Task to carry out: Data follows below. Repeat exactly the lines between the line holding "Minnesota Common Loon" and the line holding "Pep Rally routine", inclusive, and nothing more; drop pictures.

Material supplied Block Start

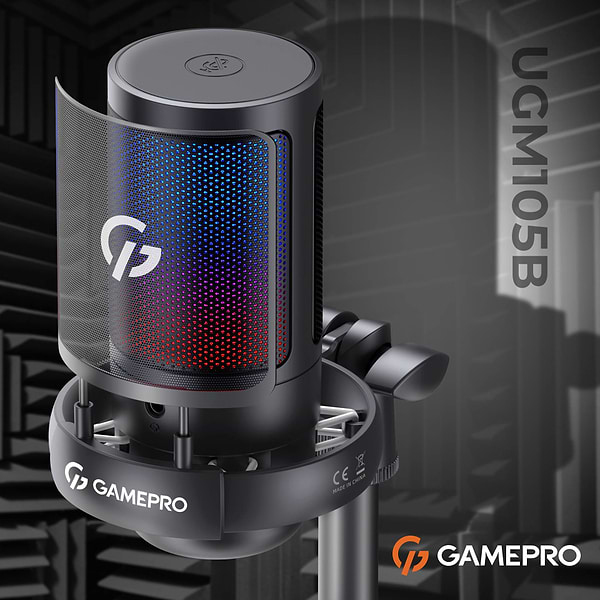 Фото - Мікрофон до комп'ютера GamePro UGM105B Black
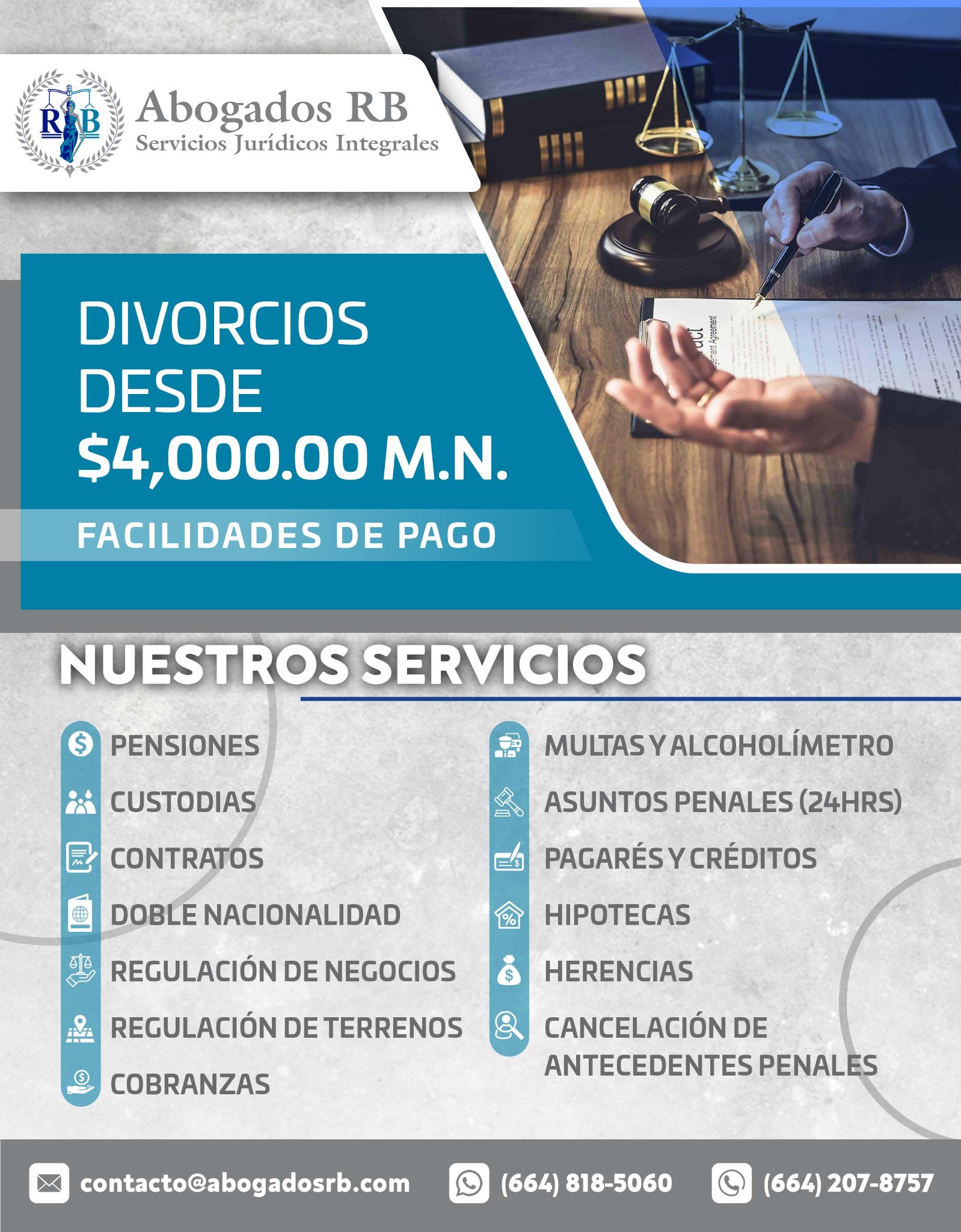 Abogados RB Servicios Jurídicos Integrales | Tijuana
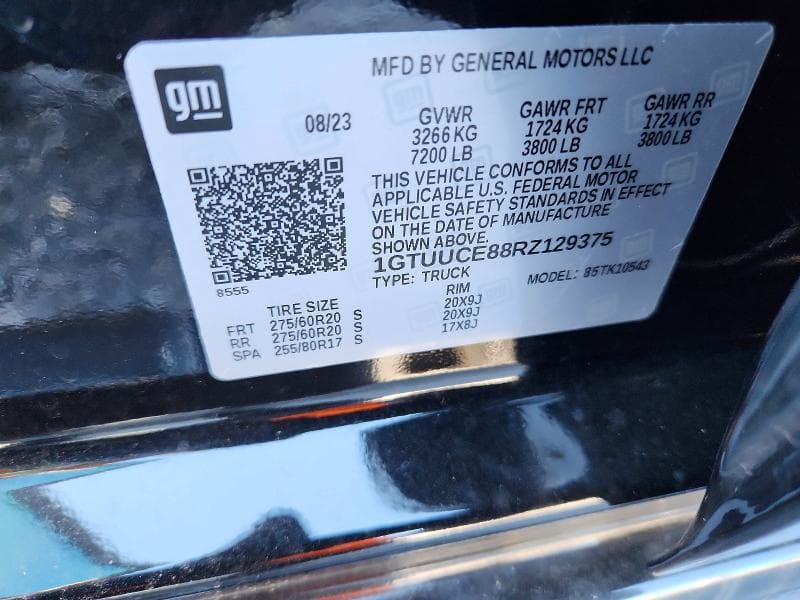 2024 GMC SIERRA K1500 ELEVATION 12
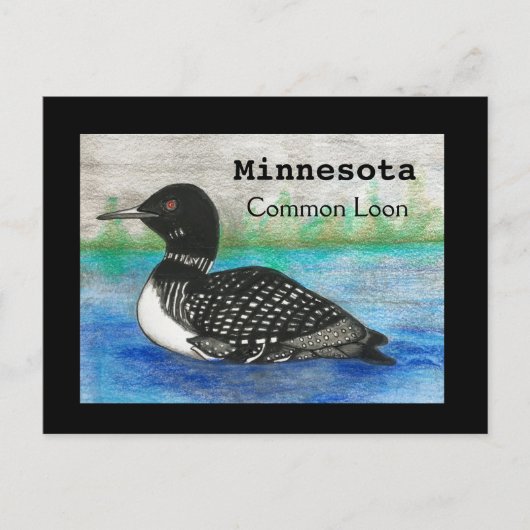 Minnesota Common Loon State Bird Briefkaart (Voorkant)
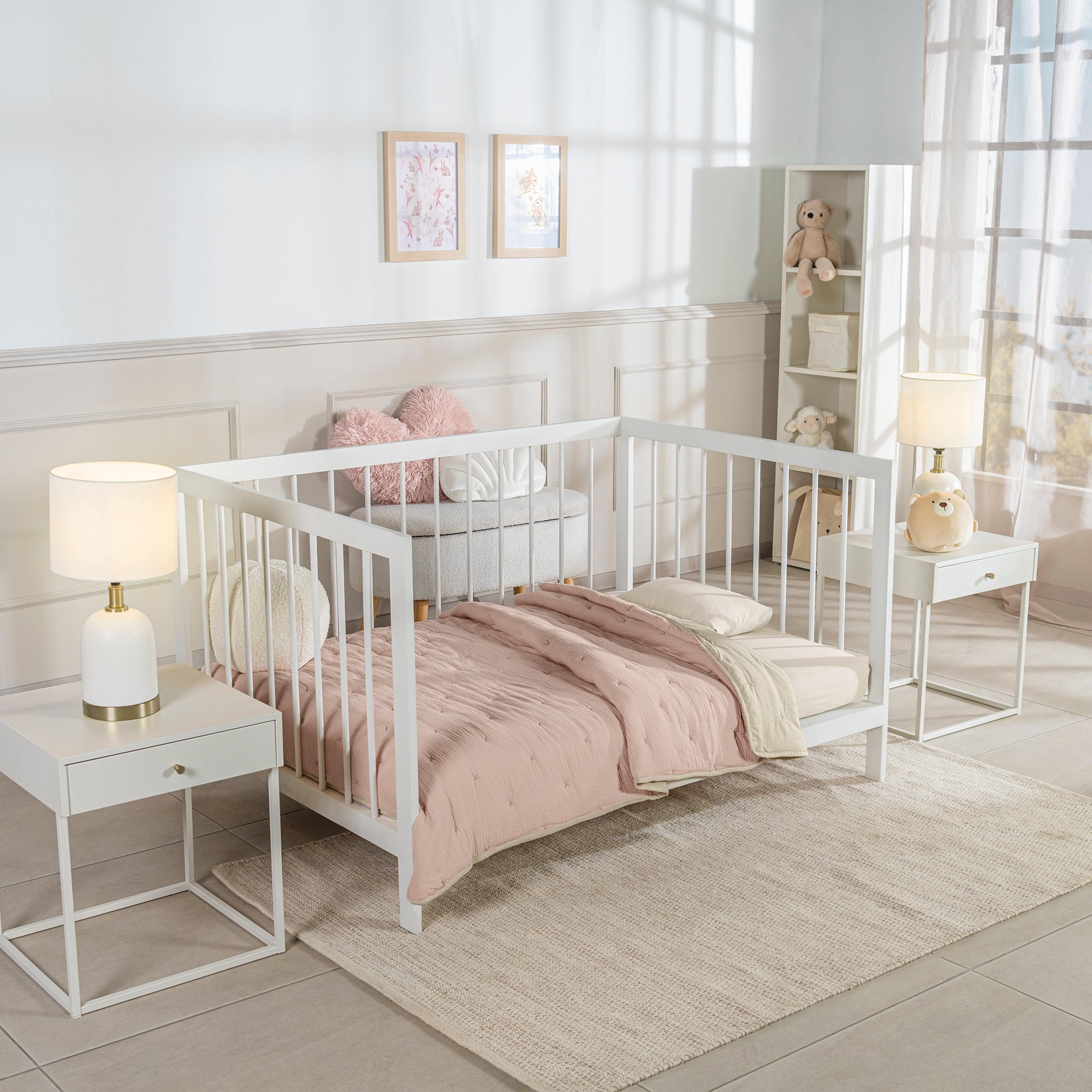 EDREDÓN BABY VOGA MUSELINA SWEET PINK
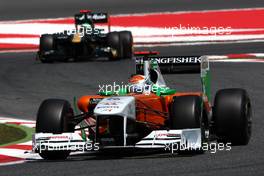 20.05.2011 Barcelona, Spain,  Adrian Sutil (GER), Force India F1 Team, VJM-04 - Formula 1 World Championship, Rd 05, Spainish Grand Prix, Friday Practice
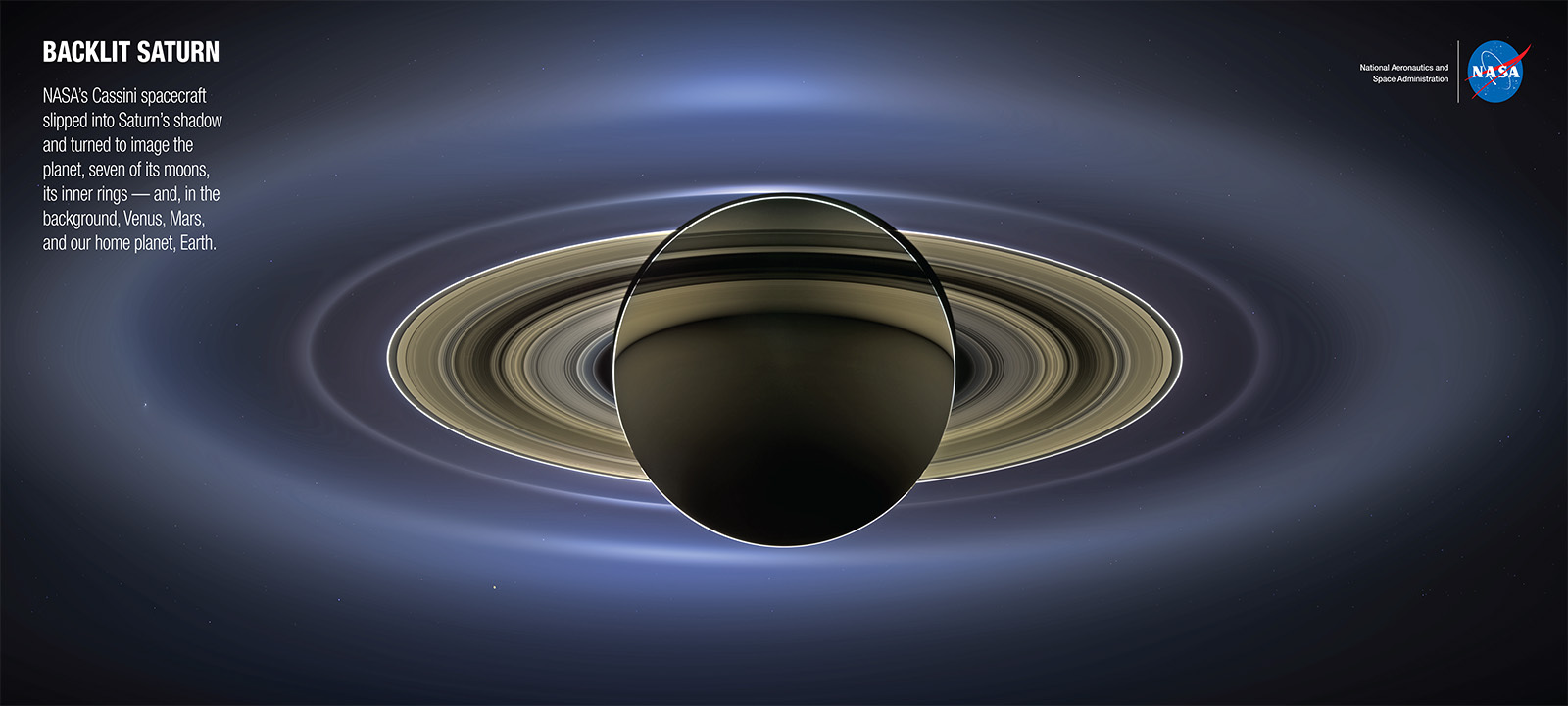 Saturn backdrop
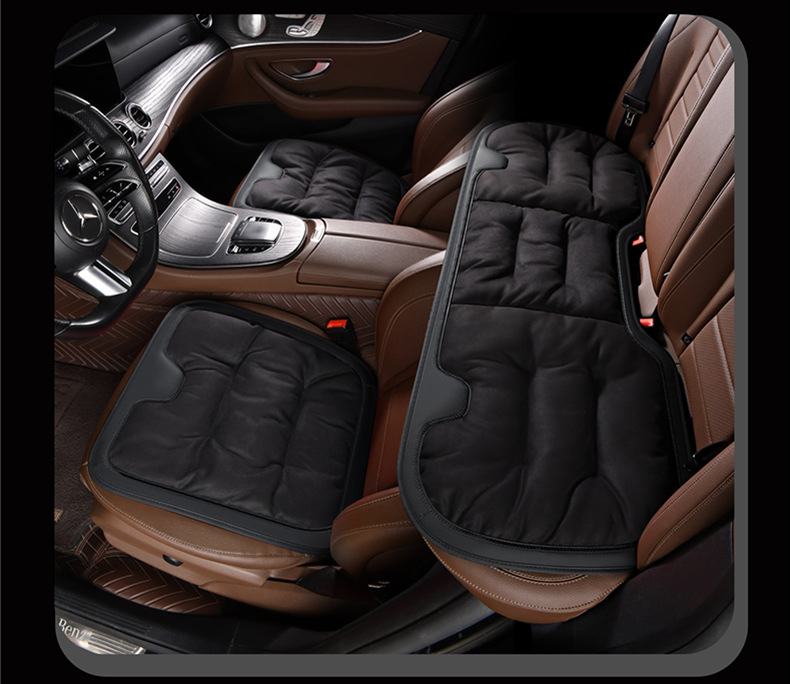 New Car Seat Cushion Winter Warm Seat Cushion Fur Cushion Rear Integrated Thickened Chair Cushion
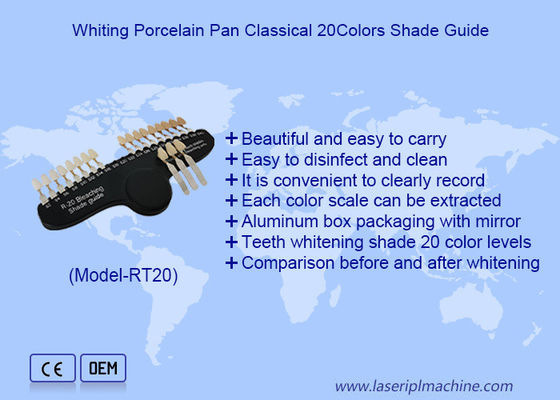 अच्छी कीमत हाथ से चलने वाला 3 डी दांतों का सफेद करने वाला छाया गाइड 20 रंग दांतों का सफेद करना ऑनलाइन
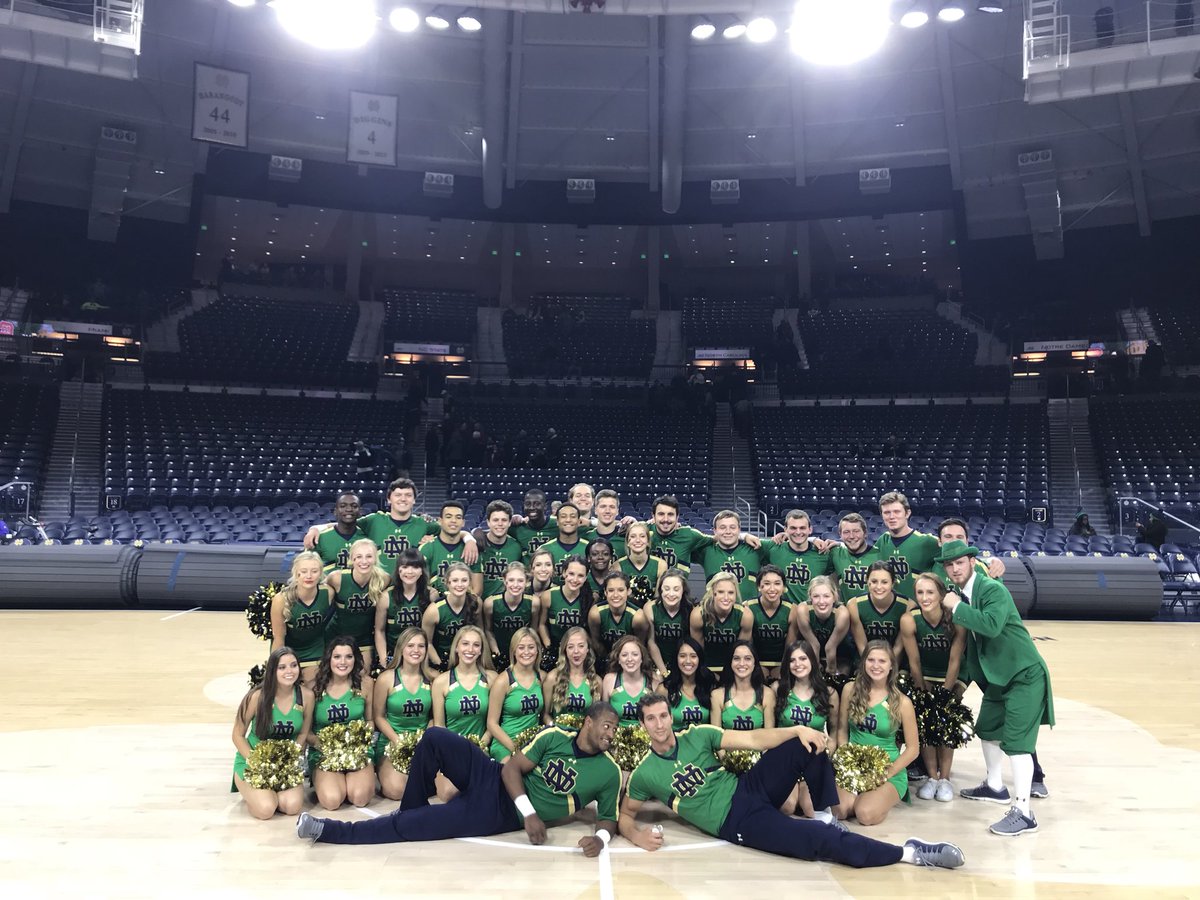 Pep Rally routine with <a href="/NDPomSquad/">Notre Dame Pom Squad</a> to start the weekend off! #GoIrish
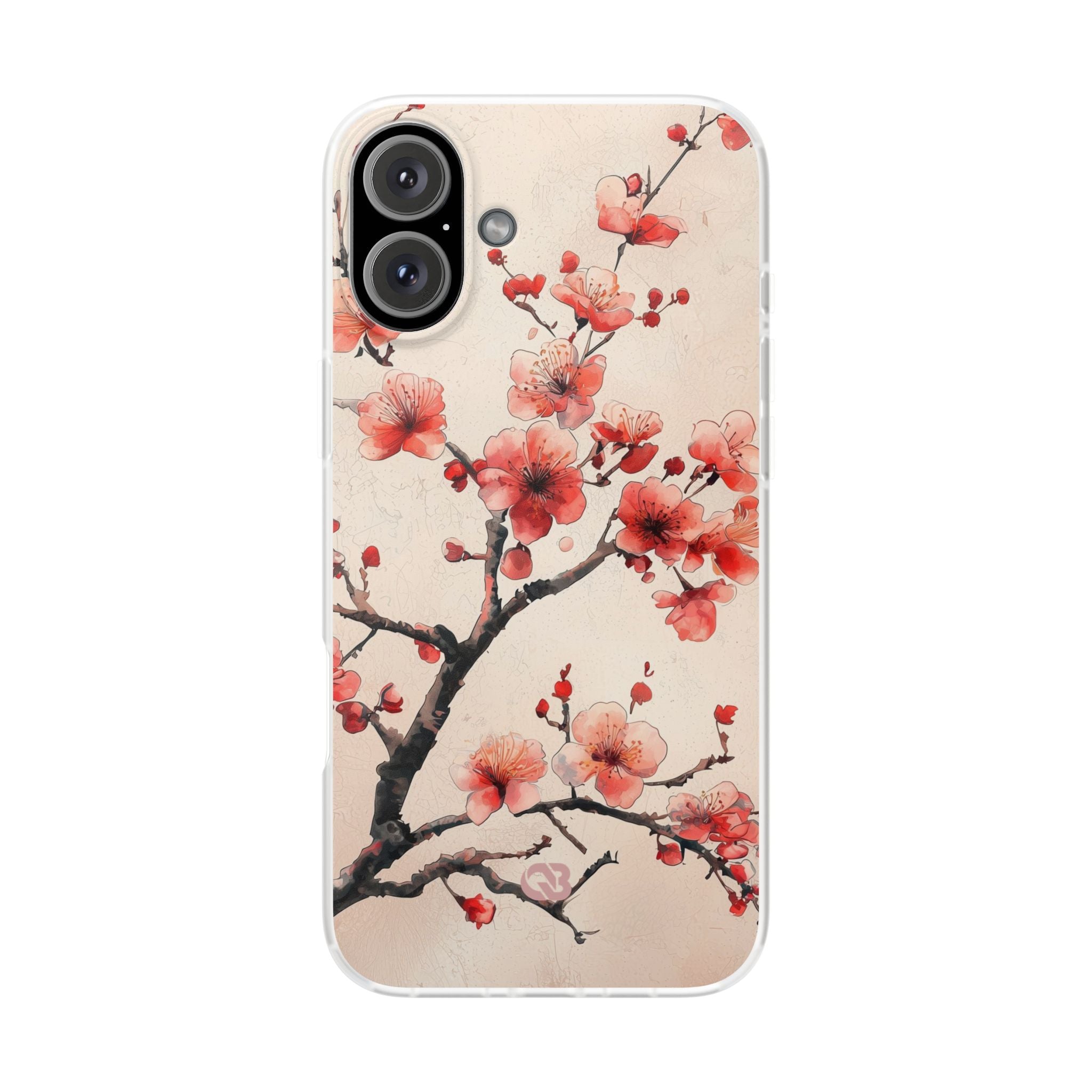 Crimson Silk Flora · Soft Custodia per iPhone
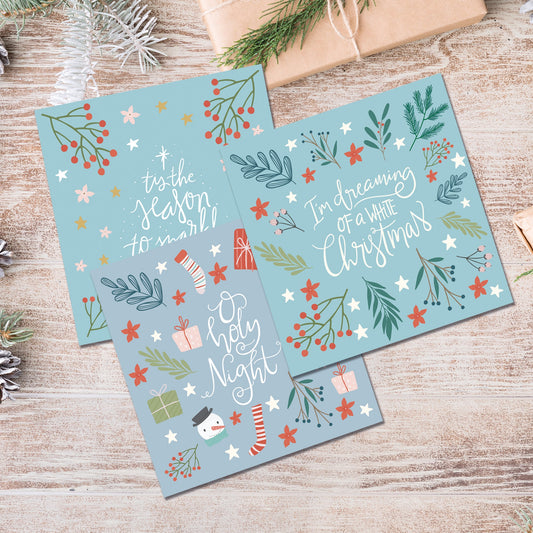 Christmas Card Pack, Christmas Cards Pack of 6, Pack of 6 Christmas Cards, Pack pack of Christmas Card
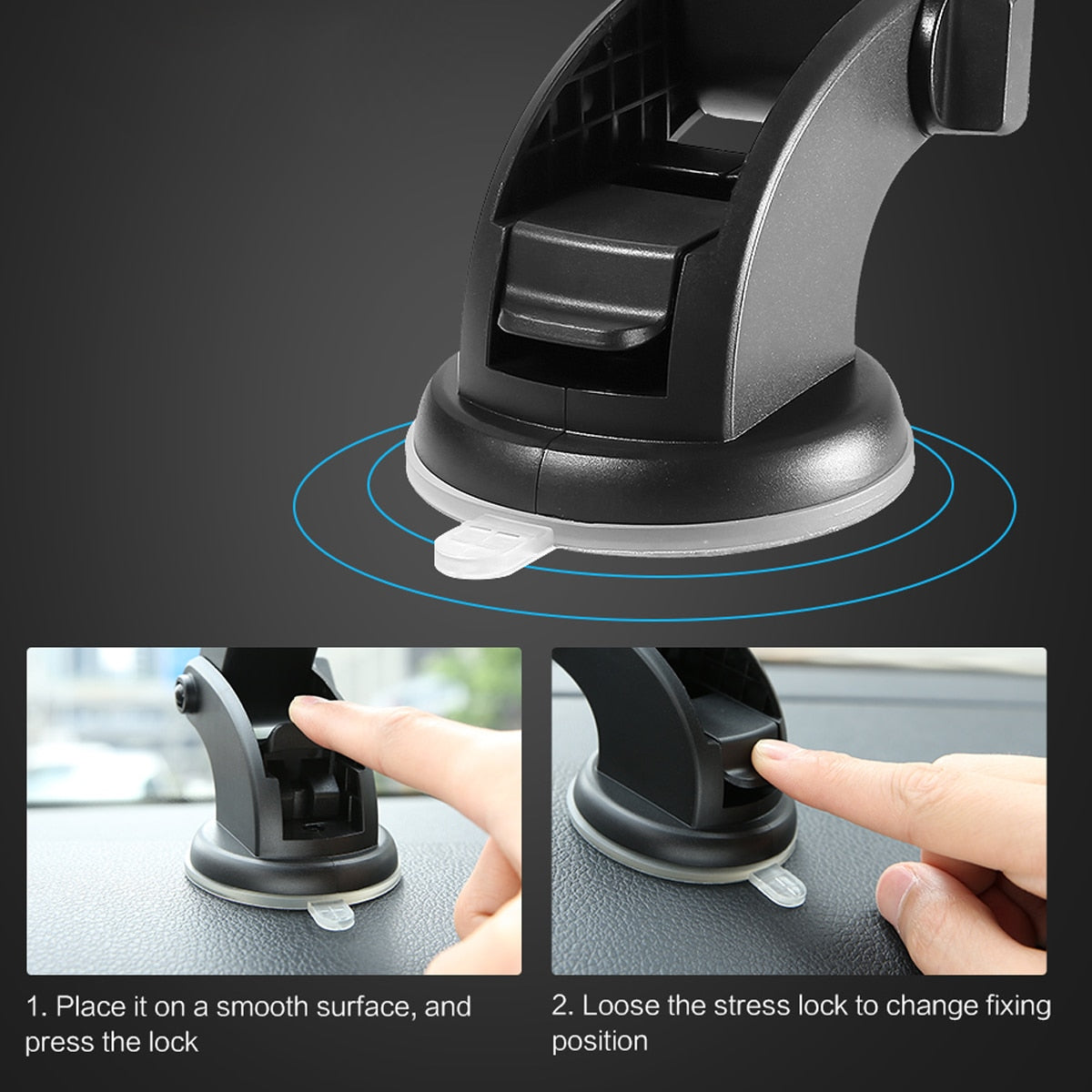Support Téléphone Auto SafeDrive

Material supplied Block End

Answer to the exercise:
 Minnesota Common Loon State Bird Briefkaart (Voorkant)
 EDREDÓN BABY VOGA MUSELINA SWEET PINK
 20.05.2011 Barcelona, Spain,  Adrian Sutil (GER), Force India F1 Team, VJM-04 - Formula 1 World Championship, Rd 05, Spainish Grand Prix, Friday Practice
 Saturn backdrop
 New Car Seat Cushion Winter Warm Seat Cushion Fur Cushion Rear Integrated Thickened Chair Cushion
 अच्छी कीमत हाथ से चलने वाला 3 डी दांतों का सफेद करने वाला छाया गाइड 20 रंग दांतों का सफेद करना ऑनलाइन
 Pep Rally routine with <a href="/NDPomSquad/">Notre Dame Pom Squad</a> to start the weekend off! #GoIrish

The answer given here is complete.